= Face to face with Christ my Saviour =

Hymn by Carrie Breck (1898)

Face to Face with Christ my Saviour is a hymn by American writer Carrie Breck, written in 1898. It is Breck's most well-known composition.

== Background ==
Carrie Breck wrote the hymn while living in Vineland, New Jersey, a temperance town founded by Charles K. Landis. It was first sung publicly in 1899 by Grant Tullar at First Presbyterian Church in Vineland. Tullar was a singer and evangelist who had co-founded a music publishing company with Isaac H. Meredith in 1893.

== Words ==
The hymn is based on 1 Corinthians 13:12, which describes how a Christian's relationship with Jesus will be transformed on his return: "Now we see through a glass, darkly; but then face to face: now I know in part; but then shall I know even as also I am known."

== Tune ==
The hymn has consistently been sung to a tune composed by Tullar, as originally sung in 1899. Tullar originally composed the music for a different set of words, during an evangelistic campaign in Rutherford, New Jersey. In his book Written Because, Tullar described how the composition had been inspired by an "almost-empty jelly dish":

My fondness for jelly was not long a secret and my hostess did her best to see that a reasonable supply was always on the table. The three of us had spent the afternoon calling on the sick, so we were a bit hurried in the preparation for supper that evening, and the jelly dish was neglected. It had only a wee dab of jelly in it, and as I passed it to the others, I possibly showed fear lest they should not refuse it. But host and hostess refused it, and as I started to help myself I said, “So this is all for me, is it?”
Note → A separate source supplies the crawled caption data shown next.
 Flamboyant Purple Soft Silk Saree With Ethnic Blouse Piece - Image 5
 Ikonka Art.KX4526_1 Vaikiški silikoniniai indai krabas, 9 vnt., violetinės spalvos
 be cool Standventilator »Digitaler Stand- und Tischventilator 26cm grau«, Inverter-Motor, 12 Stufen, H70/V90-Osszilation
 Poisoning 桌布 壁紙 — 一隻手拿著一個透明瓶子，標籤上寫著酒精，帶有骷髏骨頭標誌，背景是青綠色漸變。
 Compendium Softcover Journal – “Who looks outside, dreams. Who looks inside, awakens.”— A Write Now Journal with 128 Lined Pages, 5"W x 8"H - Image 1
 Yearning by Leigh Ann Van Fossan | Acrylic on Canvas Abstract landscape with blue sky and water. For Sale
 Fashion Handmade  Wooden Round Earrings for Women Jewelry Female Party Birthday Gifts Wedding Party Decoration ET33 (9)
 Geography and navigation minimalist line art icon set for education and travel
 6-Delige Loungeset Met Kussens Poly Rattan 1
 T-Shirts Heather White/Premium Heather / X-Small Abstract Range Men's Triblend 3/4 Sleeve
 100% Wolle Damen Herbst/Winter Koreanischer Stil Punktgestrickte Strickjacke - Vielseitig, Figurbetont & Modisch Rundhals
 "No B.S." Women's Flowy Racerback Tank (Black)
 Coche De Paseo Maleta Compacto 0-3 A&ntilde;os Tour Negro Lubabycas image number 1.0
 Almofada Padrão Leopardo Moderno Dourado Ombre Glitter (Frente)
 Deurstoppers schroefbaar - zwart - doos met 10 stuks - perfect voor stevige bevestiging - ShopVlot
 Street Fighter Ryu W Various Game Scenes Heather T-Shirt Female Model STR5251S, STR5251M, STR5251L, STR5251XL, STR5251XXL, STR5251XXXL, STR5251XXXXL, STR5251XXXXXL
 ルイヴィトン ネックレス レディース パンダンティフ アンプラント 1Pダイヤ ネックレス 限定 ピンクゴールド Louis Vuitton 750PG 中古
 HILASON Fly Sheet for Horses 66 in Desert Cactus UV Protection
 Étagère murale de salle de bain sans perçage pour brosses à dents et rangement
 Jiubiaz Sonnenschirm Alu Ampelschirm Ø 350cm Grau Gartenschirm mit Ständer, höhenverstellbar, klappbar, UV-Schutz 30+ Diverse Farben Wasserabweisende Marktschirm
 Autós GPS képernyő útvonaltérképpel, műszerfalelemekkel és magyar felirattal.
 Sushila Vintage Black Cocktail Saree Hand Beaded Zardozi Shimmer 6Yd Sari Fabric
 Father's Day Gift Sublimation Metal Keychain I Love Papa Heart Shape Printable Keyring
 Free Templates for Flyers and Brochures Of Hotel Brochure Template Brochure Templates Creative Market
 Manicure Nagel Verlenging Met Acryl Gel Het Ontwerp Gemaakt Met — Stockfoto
At that instant, “all for me” as a theme for a song thrust itself upon my mind with such force that I placed the dish again on the table without taking any jelly, and excusing myself, went to the piano and wrote the melody and a few verses.

This newly composed hymn, with the opening line "All for me the Savior suffered", was sung at a service in the Methodist Episcopal Church later that evening, by the minister Charles L. Mead. Tullar intended to revise the words the following day. In the morning, however, he received a letter from Breck containing a few of her poems, requesting him to compose the musical accompaniment. One of these poems was "Face to face with Christ my Savior", the words of which fitted the music Tullar had already written. Discarding his own words, Tullar decided to pair his tune with Breck's text.

== Publication history ==
"Face to face with Christ my Savior" is Carrie Breck's best-known composition, which has appeared in many hymnals. It has mainly been sung in America, and is less known in the United Kingdom. It was first published in an 1899 anthology by Grant Tullar and Isaac H. Meredith, Sermons in Song, No. 2. It was later included in Breck's 1927 collection of poetry, To Comfort Thee, and Other Verses. In the 20th century, it was included in the Baptist Hymnal (1956, and subsequent editions), Hymns for the Living Church (1974), Seventh-day Adventist Hymnal (1985), and New Redemption Hymnal (1986), among others. In 1910, the hymn was also published in a German translation, "Aug in Auge vor ihm stehen", in Evangeliums-Sänger.